VOLUME I NUMBER 3 July - September 1976

Doctoral dissertations, especially in our time, have a strange habit of finding their way into print. Most of these do not seem to have serious academic value; many of them are not read anyway and are really the products of extra-academic compulsions (one of which is the famous, no longer transatlantic ‘publish or perish’). In recent memory there have been classics like Poets and Poetry and Critics and Criticism with which students here, in different ways are familiar. The book under review, of course, does not fan into the above; category, except in so far as it was originally a doctoral thesis submitted at Allahabad University. For one thing, the book has certain major strengths.
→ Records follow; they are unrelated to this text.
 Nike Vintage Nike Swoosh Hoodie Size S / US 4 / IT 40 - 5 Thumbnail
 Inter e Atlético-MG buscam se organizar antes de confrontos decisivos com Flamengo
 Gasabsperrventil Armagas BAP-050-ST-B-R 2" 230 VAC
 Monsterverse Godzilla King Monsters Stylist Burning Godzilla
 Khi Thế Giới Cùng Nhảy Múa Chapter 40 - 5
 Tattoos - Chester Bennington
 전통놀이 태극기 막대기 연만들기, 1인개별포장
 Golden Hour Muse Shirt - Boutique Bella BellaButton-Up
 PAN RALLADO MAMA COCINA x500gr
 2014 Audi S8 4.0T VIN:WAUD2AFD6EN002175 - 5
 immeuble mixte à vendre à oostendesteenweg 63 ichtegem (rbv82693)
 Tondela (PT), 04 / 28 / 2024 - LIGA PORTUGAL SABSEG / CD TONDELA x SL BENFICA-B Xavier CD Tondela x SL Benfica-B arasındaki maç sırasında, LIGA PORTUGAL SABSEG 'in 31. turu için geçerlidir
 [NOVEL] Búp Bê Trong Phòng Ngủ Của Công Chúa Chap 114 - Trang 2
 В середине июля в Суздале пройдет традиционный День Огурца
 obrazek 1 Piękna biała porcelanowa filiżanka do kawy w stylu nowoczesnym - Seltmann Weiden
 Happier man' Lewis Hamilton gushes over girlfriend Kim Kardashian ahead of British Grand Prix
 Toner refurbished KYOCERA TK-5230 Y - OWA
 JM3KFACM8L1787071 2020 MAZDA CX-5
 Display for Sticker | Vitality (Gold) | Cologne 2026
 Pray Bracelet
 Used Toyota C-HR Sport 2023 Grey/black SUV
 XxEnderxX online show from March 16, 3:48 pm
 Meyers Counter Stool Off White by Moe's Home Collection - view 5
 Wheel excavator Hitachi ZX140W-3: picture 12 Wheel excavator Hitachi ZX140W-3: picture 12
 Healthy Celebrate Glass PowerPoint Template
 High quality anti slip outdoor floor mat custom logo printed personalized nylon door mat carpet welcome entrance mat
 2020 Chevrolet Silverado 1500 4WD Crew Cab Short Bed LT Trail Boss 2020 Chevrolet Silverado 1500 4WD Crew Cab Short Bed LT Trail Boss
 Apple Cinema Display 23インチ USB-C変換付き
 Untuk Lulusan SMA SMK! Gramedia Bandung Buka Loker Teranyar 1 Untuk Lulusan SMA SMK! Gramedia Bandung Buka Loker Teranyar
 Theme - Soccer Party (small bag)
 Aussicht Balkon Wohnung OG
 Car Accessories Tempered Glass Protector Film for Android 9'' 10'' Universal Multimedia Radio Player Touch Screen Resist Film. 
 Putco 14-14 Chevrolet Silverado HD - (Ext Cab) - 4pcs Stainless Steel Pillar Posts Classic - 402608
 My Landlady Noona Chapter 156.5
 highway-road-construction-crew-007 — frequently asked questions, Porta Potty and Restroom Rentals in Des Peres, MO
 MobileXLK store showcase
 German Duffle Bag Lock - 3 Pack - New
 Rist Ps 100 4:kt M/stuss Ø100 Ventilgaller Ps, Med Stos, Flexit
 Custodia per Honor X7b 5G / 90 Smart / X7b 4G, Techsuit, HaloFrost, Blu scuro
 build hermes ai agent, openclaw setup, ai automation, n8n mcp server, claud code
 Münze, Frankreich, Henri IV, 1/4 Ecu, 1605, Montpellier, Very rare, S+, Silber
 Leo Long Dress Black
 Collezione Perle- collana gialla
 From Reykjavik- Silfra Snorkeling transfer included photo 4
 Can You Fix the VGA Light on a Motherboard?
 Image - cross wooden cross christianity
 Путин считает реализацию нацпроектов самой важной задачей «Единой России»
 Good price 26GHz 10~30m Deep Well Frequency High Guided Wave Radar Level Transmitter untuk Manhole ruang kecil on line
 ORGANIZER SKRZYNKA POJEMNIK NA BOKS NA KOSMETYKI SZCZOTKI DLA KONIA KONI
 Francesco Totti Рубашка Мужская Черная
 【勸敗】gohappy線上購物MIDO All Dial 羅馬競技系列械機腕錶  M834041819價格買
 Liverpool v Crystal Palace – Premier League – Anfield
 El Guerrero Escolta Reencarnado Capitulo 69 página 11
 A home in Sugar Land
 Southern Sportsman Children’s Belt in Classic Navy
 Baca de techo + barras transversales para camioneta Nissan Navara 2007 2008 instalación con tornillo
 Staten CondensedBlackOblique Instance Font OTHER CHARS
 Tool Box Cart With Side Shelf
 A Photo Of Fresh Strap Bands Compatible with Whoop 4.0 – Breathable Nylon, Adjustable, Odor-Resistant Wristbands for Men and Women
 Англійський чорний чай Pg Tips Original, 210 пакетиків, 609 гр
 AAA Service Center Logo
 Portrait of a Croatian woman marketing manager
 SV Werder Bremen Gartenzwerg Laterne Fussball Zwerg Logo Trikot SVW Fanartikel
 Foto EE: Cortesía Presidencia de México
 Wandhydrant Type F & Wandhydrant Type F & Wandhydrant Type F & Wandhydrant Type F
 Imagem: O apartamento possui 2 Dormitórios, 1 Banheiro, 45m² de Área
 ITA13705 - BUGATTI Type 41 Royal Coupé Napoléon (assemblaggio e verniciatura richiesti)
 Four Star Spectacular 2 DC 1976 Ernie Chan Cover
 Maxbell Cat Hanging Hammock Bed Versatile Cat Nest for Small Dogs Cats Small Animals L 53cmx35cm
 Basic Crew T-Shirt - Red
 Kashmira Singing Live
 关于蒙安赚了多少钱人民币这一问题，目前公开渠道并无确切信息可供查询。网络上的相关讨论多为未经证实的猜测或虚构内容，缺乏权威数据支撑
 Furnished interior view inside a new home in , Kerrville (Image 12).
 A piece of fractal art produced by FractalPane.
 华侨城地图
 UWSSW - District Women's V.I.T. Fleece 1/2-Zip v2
It bears the stamp of a reputed publishing house and carries a Foreword by the noted Lawrence scholar, Harry T. Moore. Aruna Sitesh has made an exhaustive study of Lawrence's criticism, which has an informal, inconclusive quality, scattered over his essays, book re­views, letters and sometimes even his novels. His doctrinaire vision of life is what really unifies all his work and Aruna Sitesh isolates this vision and dis­cusses Lawrence's criticism in terms of it. She does not try to place Lawrence in any literary traditions. One feels, however, that his affinities with Arnold's view that literature is a criticism of life should have been highlighted and discussed in greater detail. After all, the real significance of Lawrence's major work lies in its poetic evaluation of a society in transition at the turn of the century, and not in his image of a revolutionary bearded satyr. Writing on Lawrence's criticism can prove to be a pretty tricky job, especially as his criticism could be dogmatically tiresome and too often violently repetitious. Time and again Aruna Sitesh finds herself, even when she is not quoting him, trapped into using Lawrence’s own words. This is probably the outcome of a desire on her part to limit the scope of her study to an evaluation of Lawrence’s theories per se. A great deal is lost thereby, as an attempt to relate Lawrence's theories, especially about the novel, to his practice as an artist would reveal much more about the breakaway he made from convention than, as in this study, a mere elu­cidation of theories already well known. The chapter entitled Lawrence's Theoretical Criti­cism is a case in point. The implications of Law­...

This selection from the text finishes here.